Fig. 1: The proposed system generates variable length video summaries for the game of soccer. The summary is generated by temporally segmenting the soccer video into “plays”, associating a user-specifiable “utility” for each type of play, and using “bin-packing” to select a subset of the plays to add up to the desired length while maximizing the overall utility. The summarization block is composed of a player localization module, an event segmentation module and an event selection module.
Fig. 2:

Player interpolation to compensate missing detections. Red boxes are obtained through frame interpolation. Various cases of bounding box (frame) interpolation – (a) Three neighbouring frames (b) Five neighbouring frame (c) Seven neighbouring frame. One can notice a surge in false detections with increasing neighbourhood size. Interpolation with

neighbourhood frames is best suited for the proposed approach.
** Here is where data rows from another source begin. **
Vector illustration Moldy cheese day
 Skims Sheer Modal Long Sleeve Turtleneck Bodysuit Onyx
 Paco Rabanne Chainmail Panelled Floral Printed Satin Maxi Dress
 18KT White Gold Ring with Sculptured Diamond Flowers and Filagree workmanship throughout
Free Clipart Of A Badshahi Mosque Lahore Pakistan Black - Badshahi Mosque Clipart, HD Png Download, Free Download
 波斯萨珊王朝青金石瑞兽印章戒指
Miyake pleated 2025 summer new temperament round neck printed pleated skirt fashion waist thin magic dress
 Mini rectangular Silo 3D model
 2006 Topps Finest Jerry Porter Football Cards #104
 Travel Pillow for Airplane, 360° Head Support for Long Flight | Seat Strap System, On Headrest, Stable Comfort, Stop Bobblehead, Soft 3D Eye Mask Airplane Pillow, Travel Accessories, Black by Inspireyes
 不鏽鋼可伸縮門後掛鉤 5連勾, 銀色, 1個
Summarization is the representation of a long video by a compact sequence. Broadly, there are two ways of summarizing a video sequence. Key frame based summarization stitches together individual frames, that together, are supposed to be representative of the overall video. Video skimming on the other hand, identifies sub-sequences (“clips”) to create the overall summary. Each clip may contain a few or several hundred contiguous frames and thus encapsulates the context as well as the audio required for a more thorough understanding of the video. Summarization thus allows a user to rapidly assimilate the contents of the overall video with a relatively small investment of time. Summarization can also enable storage, complex indexing and retrieval while optimizing the overall resource consumption.

Summarization is subjective – what is important to one user may be less important to another. For example, a goal keeper may prefer a summarization that emphasizes the activity near the goal while a center forward may prefer a summarization that is biased towards attacking plays. A fan may prefer a summarization that shows more footage of a specific player and so on. We thus bring in the flavour of human centered design with focus on individualistic needs.

Our work is motivated by two separate considerations. On one hand, we aim to incorporate a user’s perspective to drive the summarization. On the other hand, we want to create variable length summaries in an objective manner. Our key contributions are, (i) the use of change point of visual features to decide segmentation points and hence plays or clips, (ii) representing each clip using optical flow, (iii) an optional granular and systematic way of allowing a user to specify a “utility” for each type of play, and (iv) an optimization driven approach to produce arbitrary length summarizations. We have started constructing an end-to-end pipeline that creates variable length summaries based on user specified preferences. Our pipeline, Figure 1, has steps which at present require human assistance; however, the summarization aspects that we describe in this paper do remarkably well with minimal assistance. We believe our work is more generic though we focus exclusively on soccer in this paper.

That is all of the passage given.